Burst: It is almost like the tail wagging the dog right now, and the music works towards the system instead of it driving the system. 

Edge: Yeah, I think the Internet will stop that and I mean I'm thinking of also not just music, but independent films. What's interesting about technology now is with standards like digital video, people can actually make a movie-quite a credible movie-with very little equipment and a very little budget . Whereas now cinematic releases are incredibly expensive and incredibly difficult to put together because of the cost of marketing and
prints and the monopoly that certain companies have on the cinema complexes themselves. The Internet changes all that. Suddenly there is a forum for independent filmmakers which enables some kid anywhere in the world to put something together and release it on the Internet and I think that's incredibly liberating for the arts and so in a sense, that's the reason why we're so excited about what Burst.com is doing because their technology seems to be the first really viable software that can enable filmmakers or anybody with information that they want to release the facility to release it and have it in some reliable, good quality format to be accessible. 
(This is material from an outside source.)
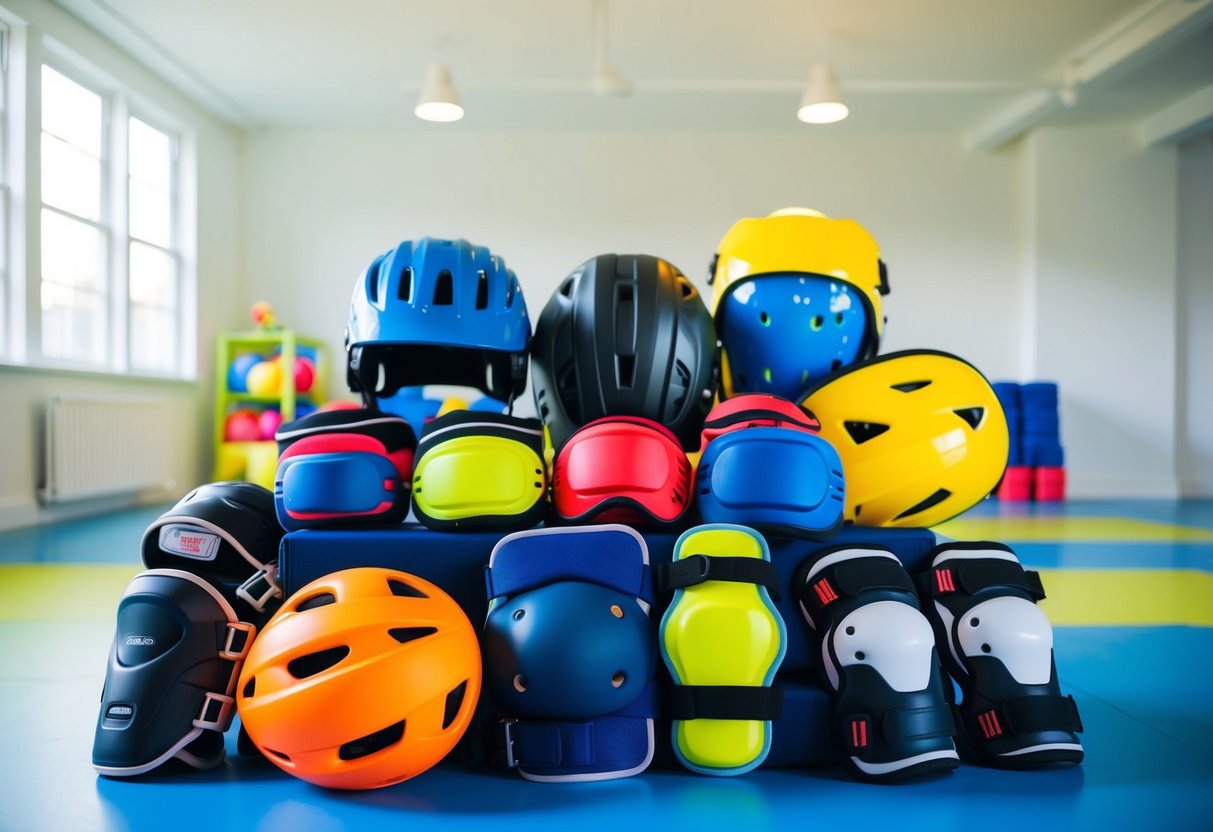 Children's sports equipment neatly organized in a bright, spacious room with safety gear such as helmets, knee pads, and elbow pads displayed prominently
Burst: I suppose, I think the thing with showing the Popmart from Mexico City video is to show that. I think it's something that a lot of people are gonna want to see. So, obviously its use is gonna have an effect-so, how are you hoping or what are you hoping to make happen by showing Popmart on Burst? 

Edge: We like to stir it up a bit and I think the music business is so caught up in the whole area of commercial concerns regarding the Internet and I think that there's two things we wanna do with releasing the show on the Internet: first of all is to showcase what we were very proud of-this incredible concert film. We really felt we hit upon something really powerful with it, but also the Internet is at this stage where it seems the sky's the limit and we felt that it would be a great moment to showcase what we've been up to on the last tour and what the Internet is capable of sort of right now. Like there was a kind of convergence of agendas and opportunities there that we thought we'd take advantage of.
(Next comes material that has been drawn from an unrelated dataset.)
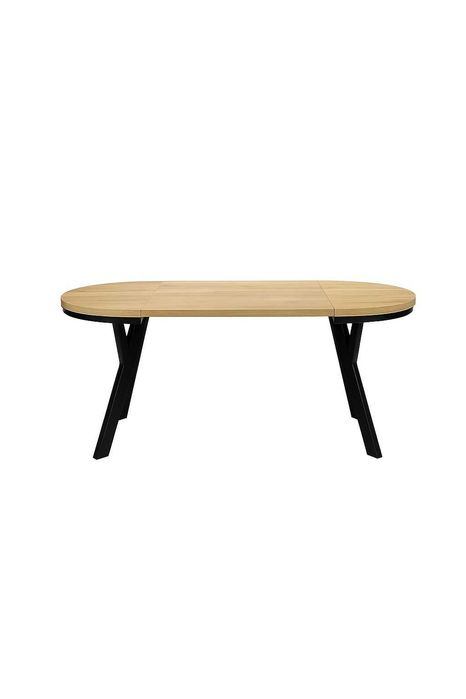 Stół rozkładany okrągły złoty craft fi100 + 2x50 nogi metalowe Y loft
Burst: With you being in the middle of the new album now, with showing Popmart on Burst, is it the end of one era and the beginning of another? 

Edge: Yeah, I mean you can put it down to a bit of spring cleaning in a way. This is  something that was the last big concert thing we did and we were very happy when we finished it and this seemed like the perfect opportunity to get it out there and showcase it. And, having done that as we will have when it comes out in another month, it'll sort of clear the decks as it were for us to get on with the next record and do everything we're about to do. 
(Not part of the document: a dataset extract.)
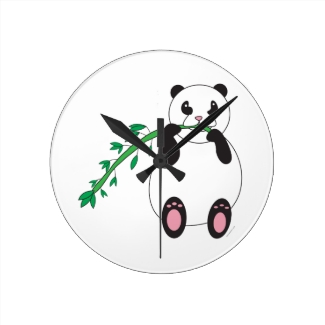 Panda Eating Bamboo Wall Clock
Burst: Can you remember the last time it was when you watched that concert? 

Edge: I watched it not so long ago because we were talking about what we were gonna do with it. You know, you've got memories of doing it obviously, but most of my memories are from being on the stage and from coming up with the original ideas and actually putting it together. I didn't watch so much footage about what it was like out front, so it was actually quite fun to see it and sort of see the scale of it and realize that it was pretty mind-blowing and most of what we were trying to achieve we pulled off. 

Burst: Any highlights from that show in particular? 

Edge: Well, I think it's, um, the PopMart from Mexico concert I think was a great showcase for what stadium concerts can be. You know, I think that the stadium arena is particular. You know, it's not the same as doing a club show-it's not the same as even doing basketball arena show-it demands a different approach and when we went into planning PopMart, we really were thinking in a very particular way about the size of the venue, the
scope of what we could do in that forum and ways of integrating technology and state-of-the-art hardware into that setting and I think that's what came across to me when I saw the footage back was that it was this synergy of cutting edge technology with really imaginative staging and music and whatever and performance all coming together. There were lots of influences from the world of TV and the Internet, and of particularly think of
the opening segment which was very much inspired by the World Wrestling Federation thing. And, um, yeah I think it's, for us, a real triumph of trying to get to grips with what it to be a rock and roll band playing in a stadium in the turn of the millennium. 

Burst: Do you see any symbolism in, you know, the show, I mean every show that actually tours, you're always there to the nth, pushing people to new things out there with the tour-do you see any symbolism in the fact that you do the PopMart thing, you do the video, and it's been how many months-and you're using it to push other technology to a new level in terms of what Burst are doing? 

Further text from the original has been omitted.